Freeland is a veteran economics correspondent who has spent a couple of decades interviewing and hobnobbing with her subjects, but she - so far - is more interested in economics than personalities. After making it clear that she sees us in a new "Gilded Age" she takes a long historical look at the originals: the great industrialists of the late nineteenth and early twentieth centuries, AKA the "Robber Barrons." Andrew Carnegie was one of the princes of that crowd, and more than his fellows interested in history and sociology. Carnegie and others get quoted to good effect.

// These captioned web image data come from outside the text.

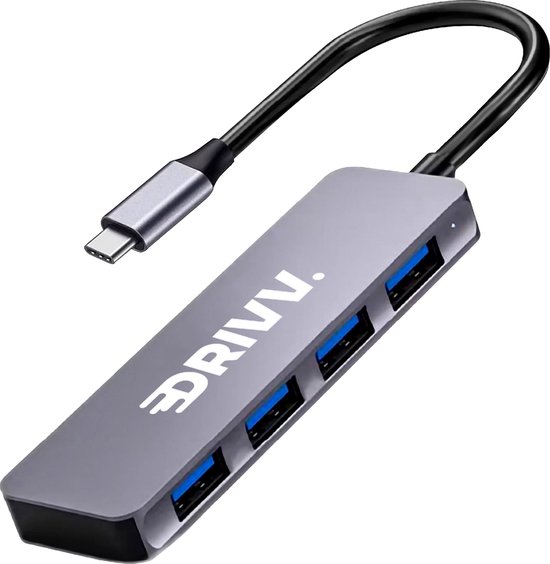 Drivv. USB C Hub met 4 USB 3.0 Poorten - USB C Splitter - Snelle Gegevensoverdracht - Aluminium Behuizing - Grijs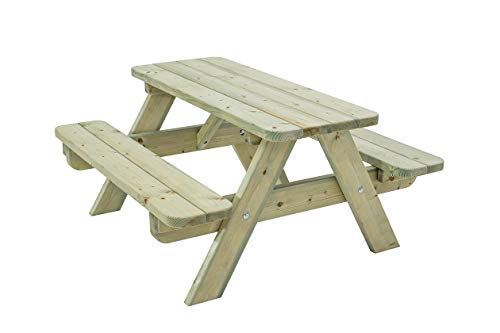 Sitzgruppe für Kinder aus Holz, grün imprägniert, Picknickmöbel, Kindersitzgruppe Tisch mit zwei Bänken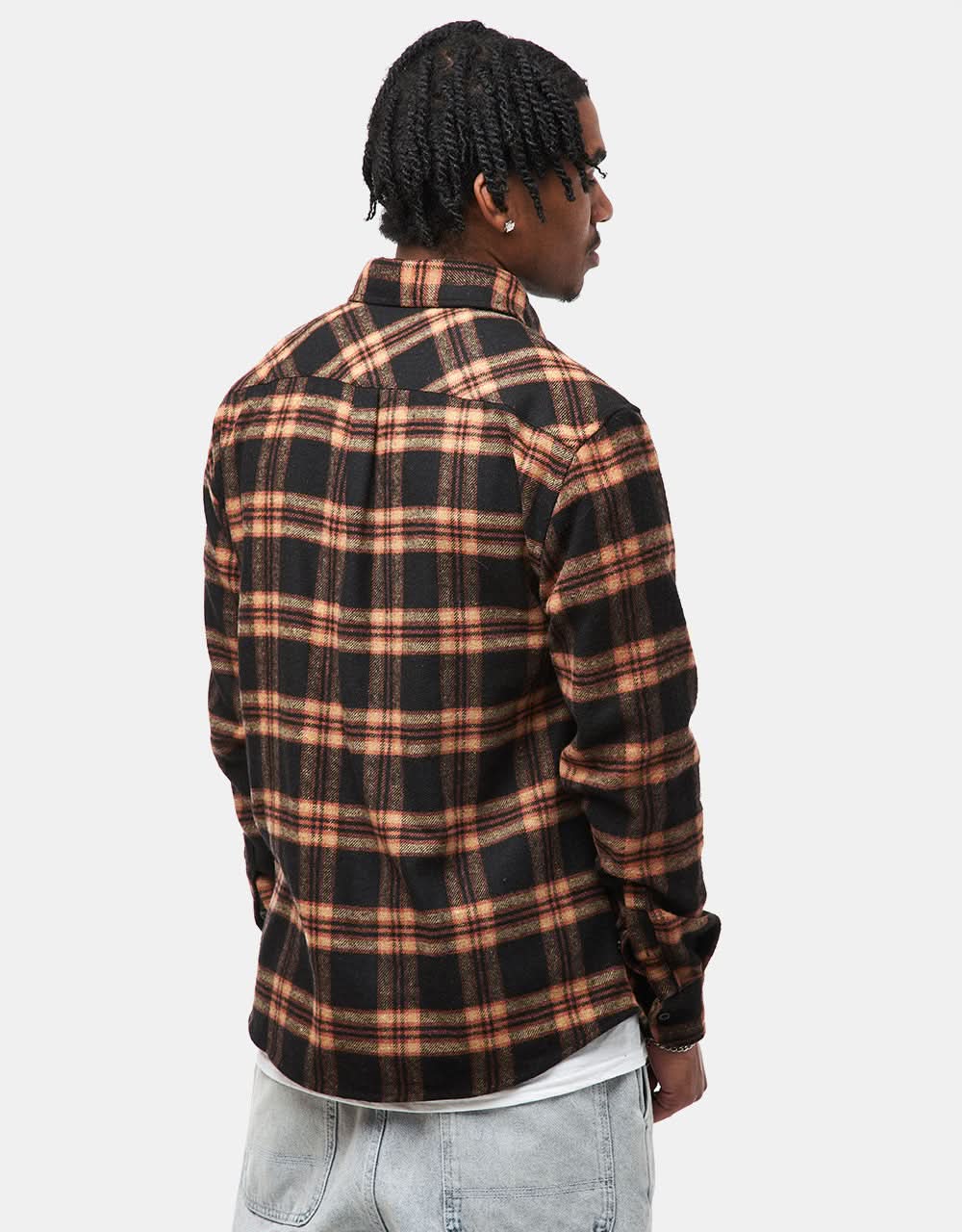 Route One Rydal Flannel Shirt - Black/Orange - Image 2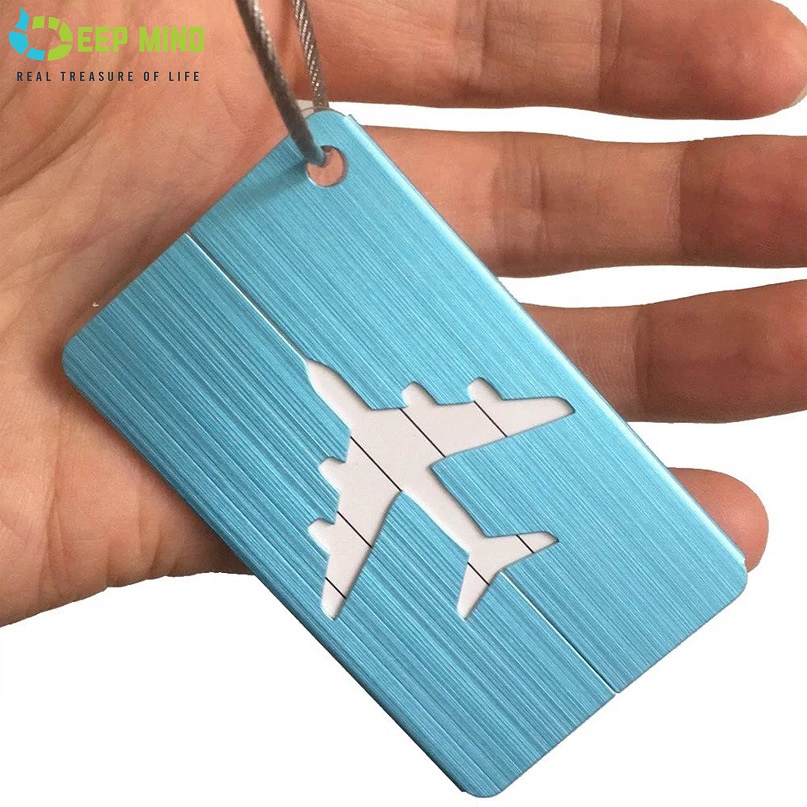 DM Metal Luggage Tags Baggage Suitcases Travel Labels Plane Shape With Name ID Card and String Umrah Tag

The original industrial revolution dramatically increased the world's wealth, but the effects were both profoundly disruptive and highly uneven. A small group of very successful entrepreneurs became immensely wealthy, while the petty capitalists of the previous age were wiped out or reduced to employees. As Carnegie noted, in previous ages there was only a small economic and social gulf between the employer and employee that became a chasm in the new system. The industrial employer ran a factory employing ten thousand people he never knew or met.
The response to the dislocations was war, revolutions, and two crucial social movements. One was Marxism and the other was the social progressiveness of Henry George. Marx aimed to destroy private property and capitalism. George aimed to capture its benefits, preserve it, and ameliorate its destructive edge. A lot of Twentieth century history consists of the working out of these two potent movements.

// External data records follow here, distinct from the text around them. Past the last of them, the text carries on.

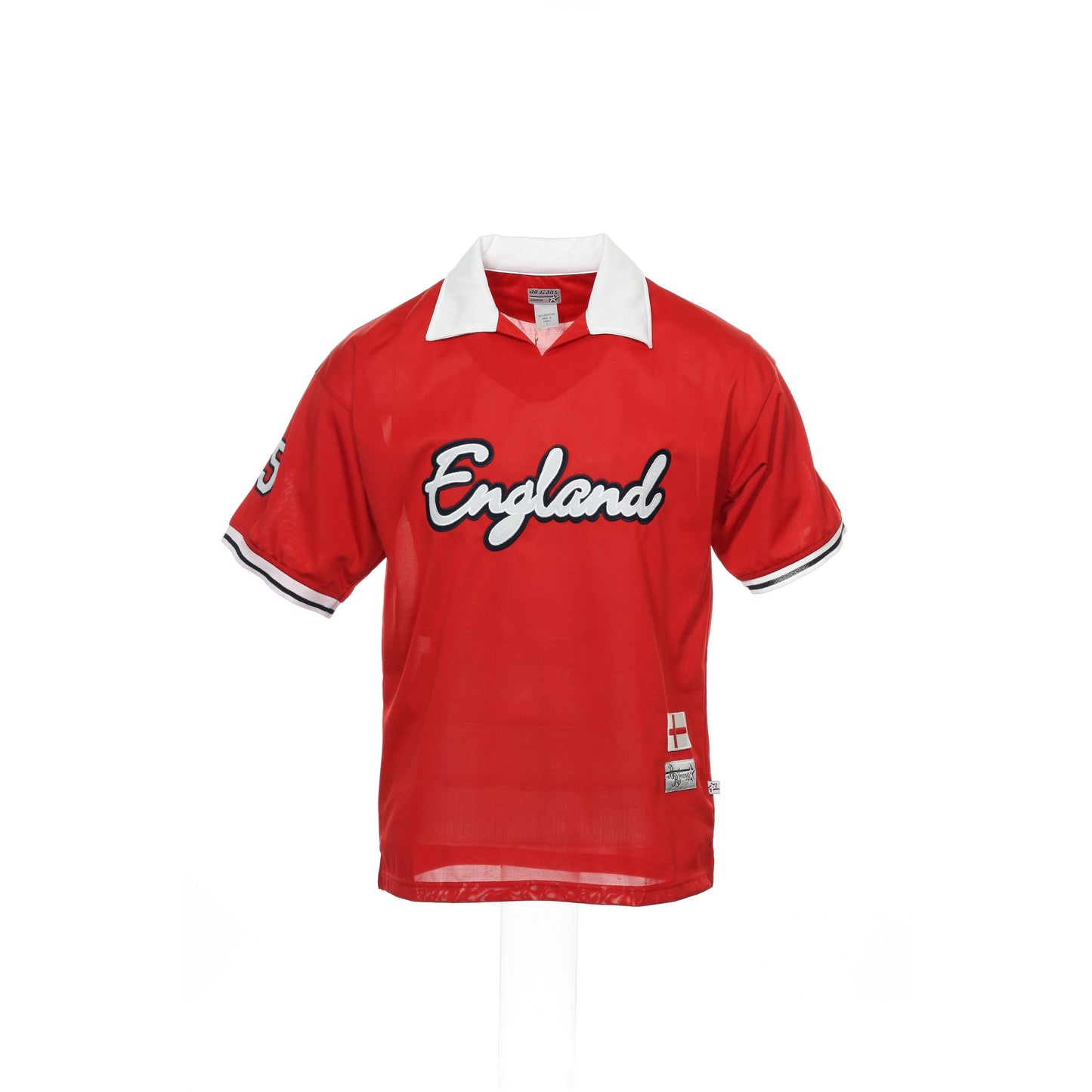 BB Jeans London Mens Red/White England Soccer Polo Jersey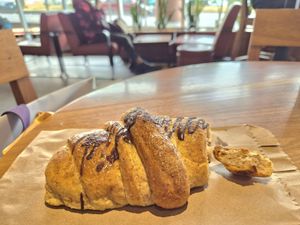 Chocolate croissant at La Espiga Dorada Pan in Cuernavaca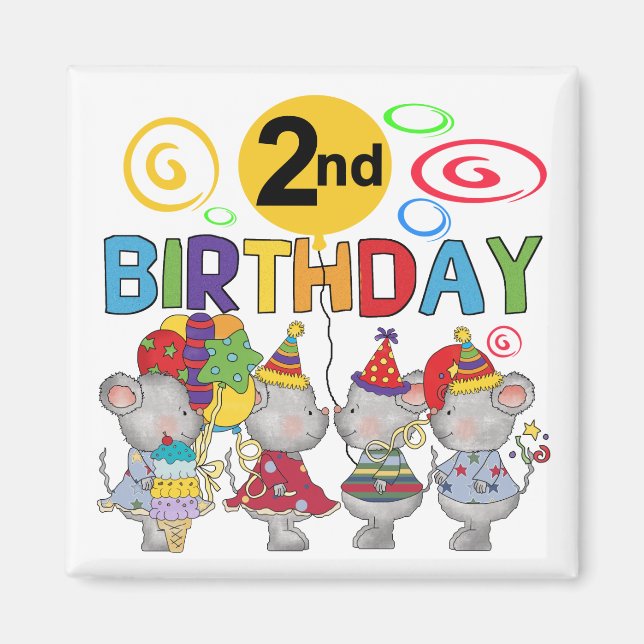 Mice 2nd Birthday T-shirts and Gifts Magnet (Front)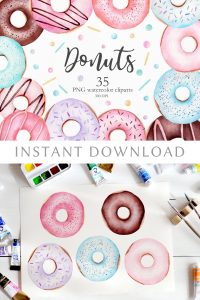 watercolor-donut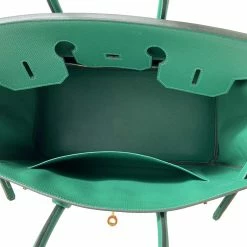 Hermes Hermès Vert Vertigo Epsom Birkin 35 Bag For Women -Deals Hermes Store luxury women hermes used handbags p423921 008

Marxism had its big successes in relatively primitive countries, especially Russia and China, and it did transform them, but in the end it couldn't compete with George's progressive Capitalism, which triumphed in the West. Progressive capitalism was not something every capitalist was very enthusiastic about, but faced with the red threat, they hurried to make the progressive compromise. Now that red is dead, new notions are stirring.
Freeland clearly believes that our age is a new edition of that industrial age, driven this time by globalization and the information revolution.